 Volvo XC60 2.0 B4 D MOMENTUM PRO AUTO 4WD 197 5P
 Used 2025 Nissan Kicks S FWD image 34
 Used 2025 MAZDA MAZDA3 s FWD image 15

* * *

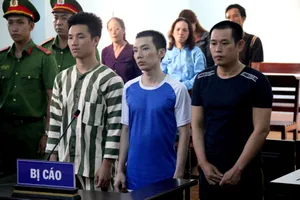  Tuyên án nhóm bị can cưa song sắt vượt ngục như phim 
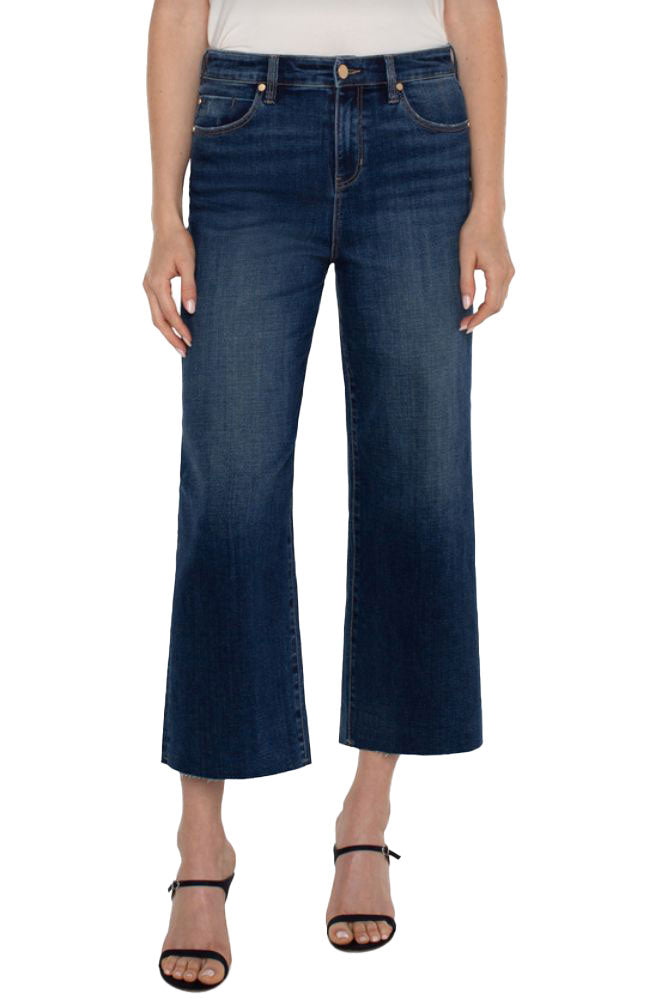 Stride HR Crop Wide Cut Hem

...

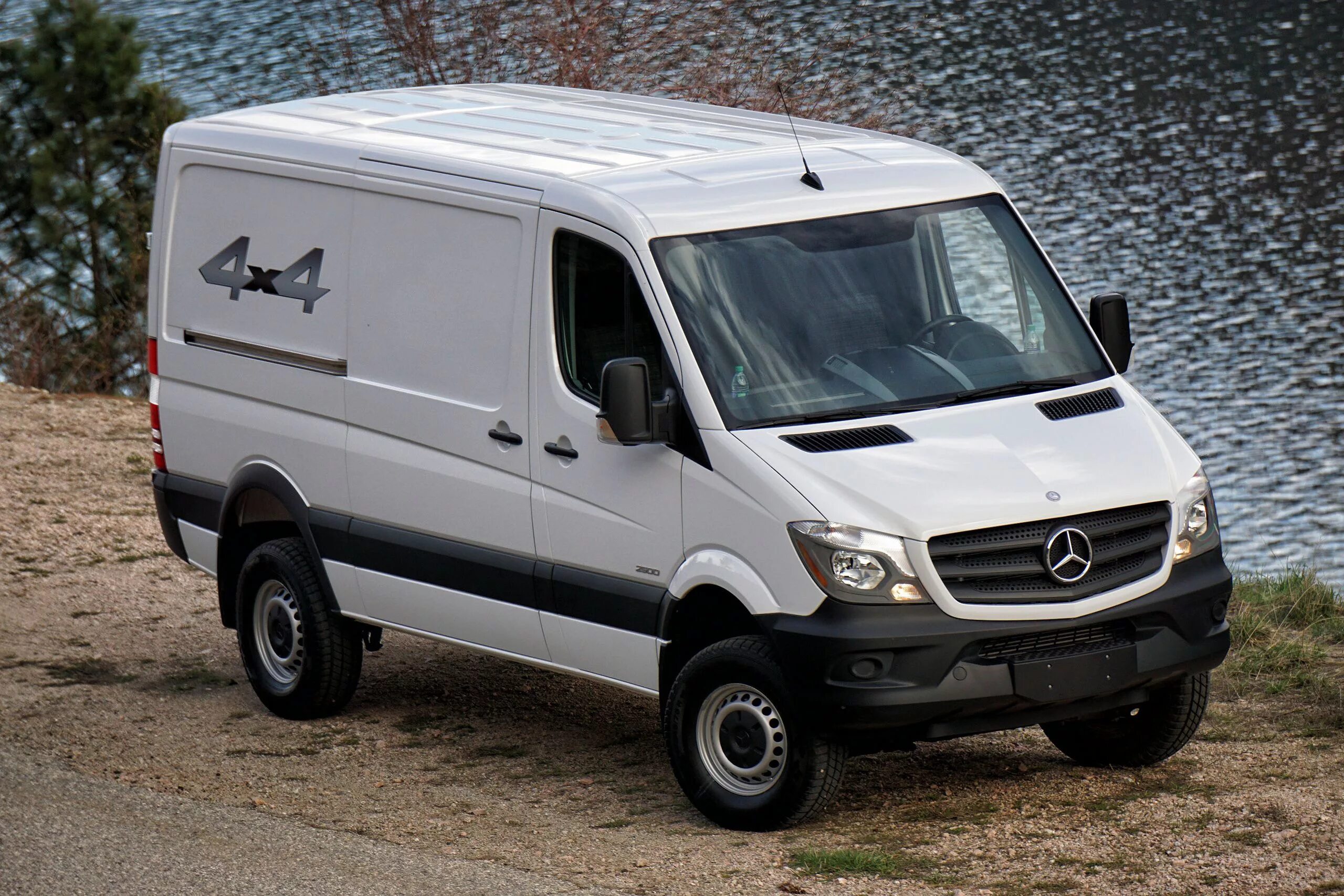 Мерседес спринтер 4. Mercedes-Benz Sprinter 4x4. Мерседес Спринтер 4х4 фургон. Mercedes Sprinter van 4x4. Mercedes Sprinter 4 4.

Your goal - Go back to the listing above. Copy word for word the lines from the one with "Used 2025 Nissan Kicks S FWD image 34" through the one with "Used 2025 MAZDA MAZDA3 s FWD image 15", and nothing more.

Output below -
 Used 2025 Nissan Kicks S FWD image 34
 Used 2025 MAZDA MAZDA3 s FWD image 15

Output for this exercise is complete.